*What the exercise asks:*
Each line from the one containing "a man relaxed" through the final line of the records is to be repeated exactly, with no additions.

(Records from a collection)
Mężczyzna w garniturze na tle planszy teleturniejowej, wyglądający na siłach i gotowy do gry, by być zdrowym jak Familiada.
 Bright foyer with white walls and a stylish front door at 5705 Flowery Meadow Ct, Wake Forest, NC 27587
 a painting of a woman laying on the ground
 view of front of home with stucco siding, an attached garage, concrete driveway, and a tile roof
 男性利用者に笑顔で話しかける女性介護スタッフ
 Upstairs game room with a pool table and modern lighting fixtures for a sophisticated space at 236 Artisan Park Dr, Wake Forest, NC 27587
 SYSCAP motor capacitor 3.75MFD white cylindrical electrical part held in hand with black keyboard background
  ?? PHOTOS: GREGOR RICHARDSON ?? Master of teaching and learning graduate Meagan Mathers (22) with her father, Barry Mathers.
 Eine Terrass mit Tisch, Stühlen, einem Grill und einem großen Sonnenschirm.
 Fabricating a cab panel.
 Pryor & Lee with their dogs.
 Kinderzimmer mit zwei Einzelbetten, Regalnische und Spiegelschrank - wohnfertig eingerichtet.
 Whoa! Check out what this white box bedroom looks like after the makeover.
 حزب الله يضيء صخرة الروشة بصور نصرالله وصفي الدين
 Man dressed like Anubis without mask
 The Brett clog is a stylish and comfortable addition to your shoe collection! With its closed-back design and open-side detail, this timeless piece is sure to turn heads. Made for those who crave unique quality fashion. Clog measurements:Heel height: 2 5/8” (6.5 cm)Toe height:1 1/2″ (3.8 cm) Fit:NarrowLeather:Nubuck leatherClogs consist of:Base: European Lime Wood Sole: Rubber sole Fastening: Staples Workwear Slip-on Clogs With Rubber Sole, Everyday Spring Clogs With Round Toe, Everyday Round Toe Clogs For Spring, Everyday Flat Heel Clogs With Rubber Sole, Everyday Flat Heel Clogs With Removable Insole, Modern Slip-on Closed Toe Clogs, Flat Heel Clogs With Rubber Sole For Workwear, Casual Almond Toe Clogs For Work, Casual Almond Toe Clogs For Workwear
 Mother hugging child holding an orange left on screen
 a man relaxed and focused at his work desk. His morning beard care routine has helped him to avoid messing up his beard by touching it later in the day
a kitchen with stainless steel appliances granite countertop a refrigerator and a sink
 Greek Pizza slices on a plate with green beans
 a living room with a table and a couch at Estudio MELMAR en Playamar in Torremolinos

*Finished exercise:*
 a man relaxed and focused at his work desk. His morning beard care routine has helped him to avoid messing up his beard by touching it later in the day
a kitchen with stainless steel appliances granite countertop a refrigerator and a sink
 Greek Pizza slices on a plate with green beans
 a living room with a table and a couch at Estudio MELMAR en Playamar in Torremolinos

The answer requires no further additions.